Spymaster Paul, flying a constant 215 km/h horizontally in a low flying helicopter, wants to drop secret documents into his contact's open car which is traveling 155 km/h on a level highway 78.0 m below. At what angle ( to the horizontal) should the car be in his sights when the packet is released?
Please can someone send me the answer for this question? i'm confused.
i am confius too why nobody answer this question?
To find the angle at which Spymaster Paul should drop the secret documents into his contact's open car, we need to analyze the situation and use trigonometry.
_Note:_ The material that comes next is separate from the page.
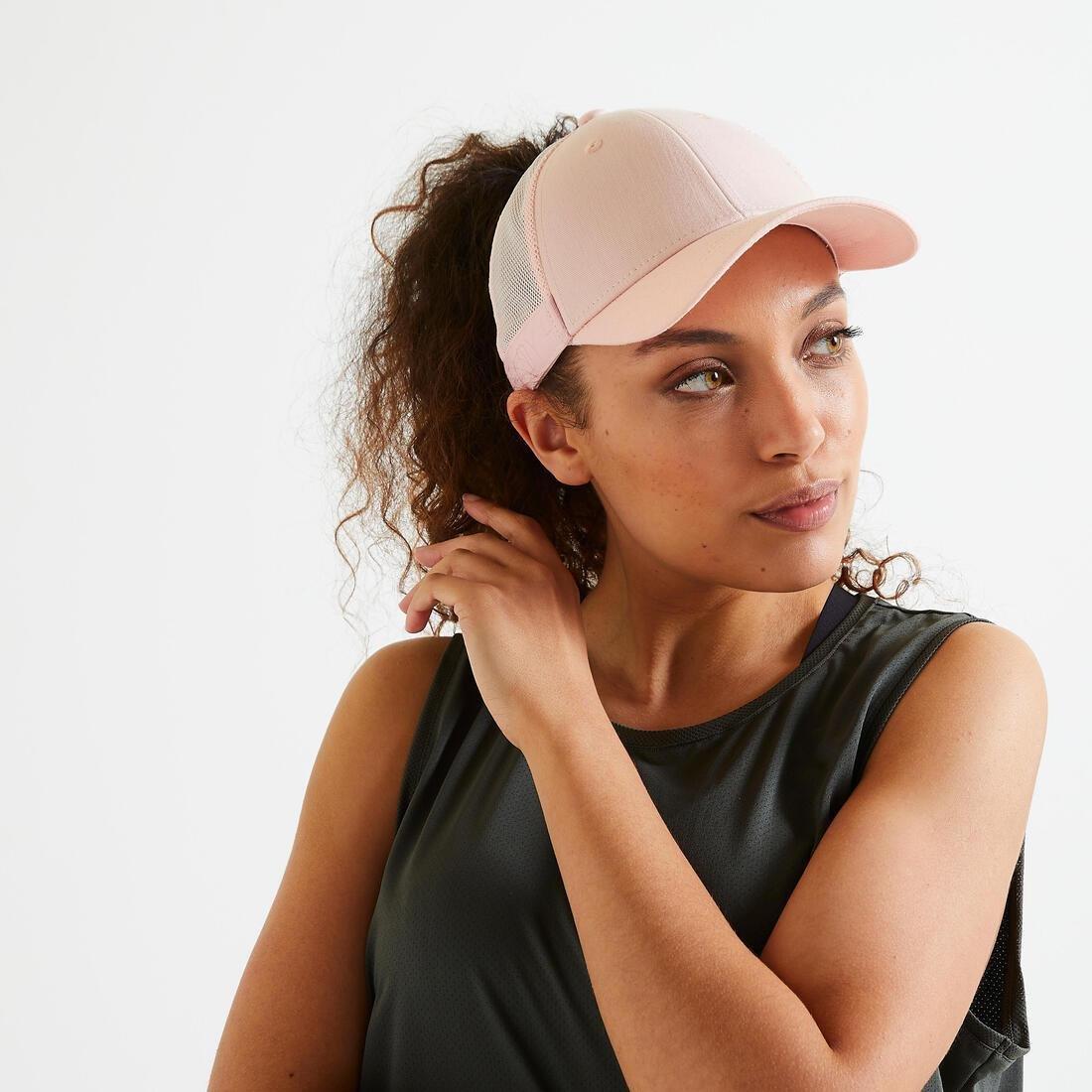 Cardio Fitness Training Cap 500, Desert Rose, No Color, large image number 6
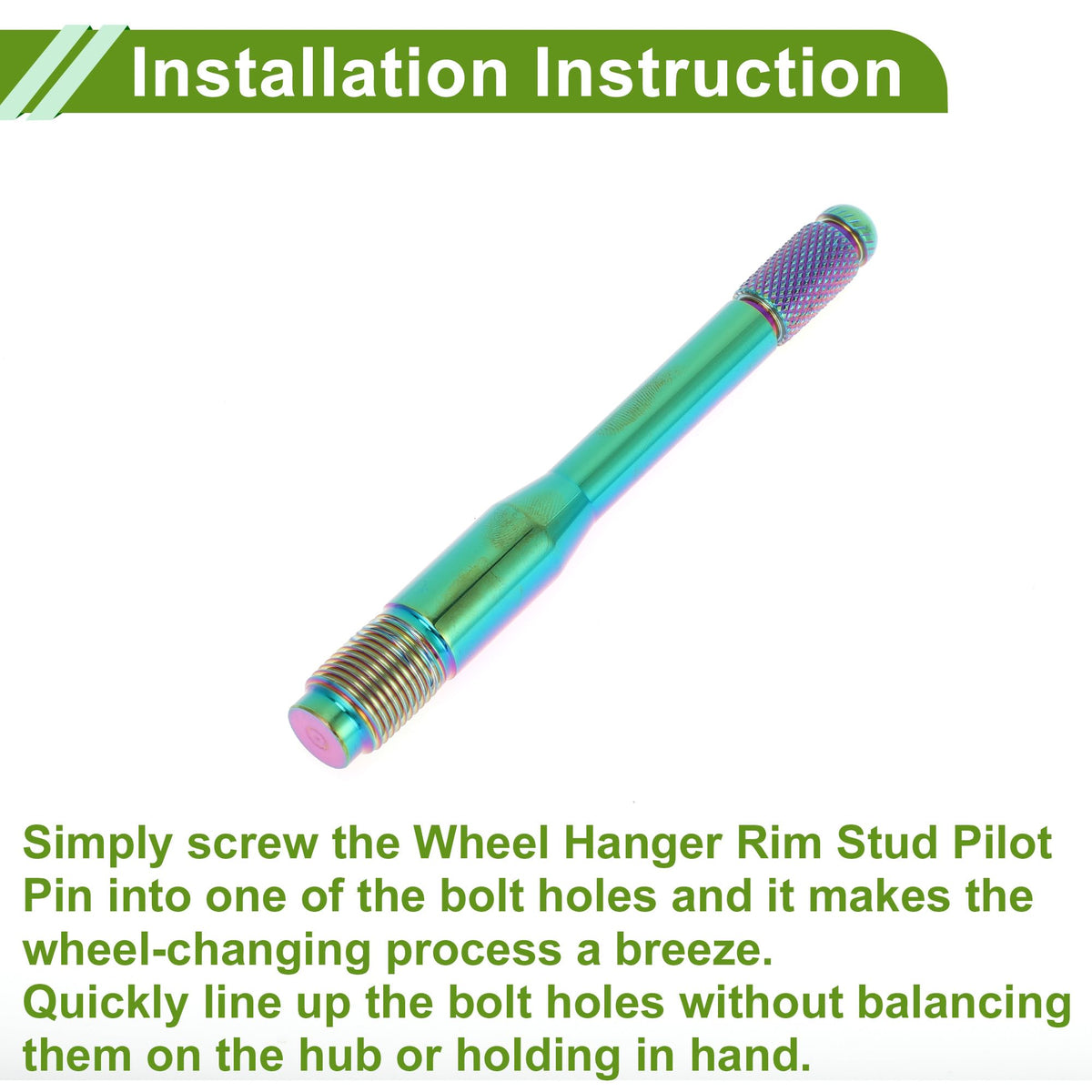 M14x1.25 120mm Wheel Alignment Pin Stainless Steel W4853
Let's break down the given information:
- The helicopter is flying at a constant speed of 215 km/h horizontally.
- The contact's car is traveling at a speed of 155 km/h on a level highway.
- The vertical distance between the helicopter and the car is 78.0 m.
First, we need to convert the speeds from km/h to m/s to ensure consistent units. Let's do that:
Speed of the helicopter = 215 km/h
= (215 * 1000) / (60 * 60) m/s
≈ 59.722 m/s
Speed of the car = 155 km/h
= (155 * 1000) / (60 * 60) m/s
≈ 43.056 m/s
Now, let's consider the time it takes for the documents to fall from the helicopter to the car. During this time, both the helicopter and the car would have traveled a certain distance.
The horizontal distance covered by the helicopter is the same as the horizontal distance covered by the car, which is the time multiplied by their respective velocities.
Distance covered by the helicopter = Distance covered by the car
Horizontal velocity of helicopter * Time taken = Horizontal velocity of car * Time taken
Now, let's solve for the time taken:
59.722 * t = 43.056 * t
59.722 = 43.056
Since the time taken is the same for both, we can cancel out the "t" variable.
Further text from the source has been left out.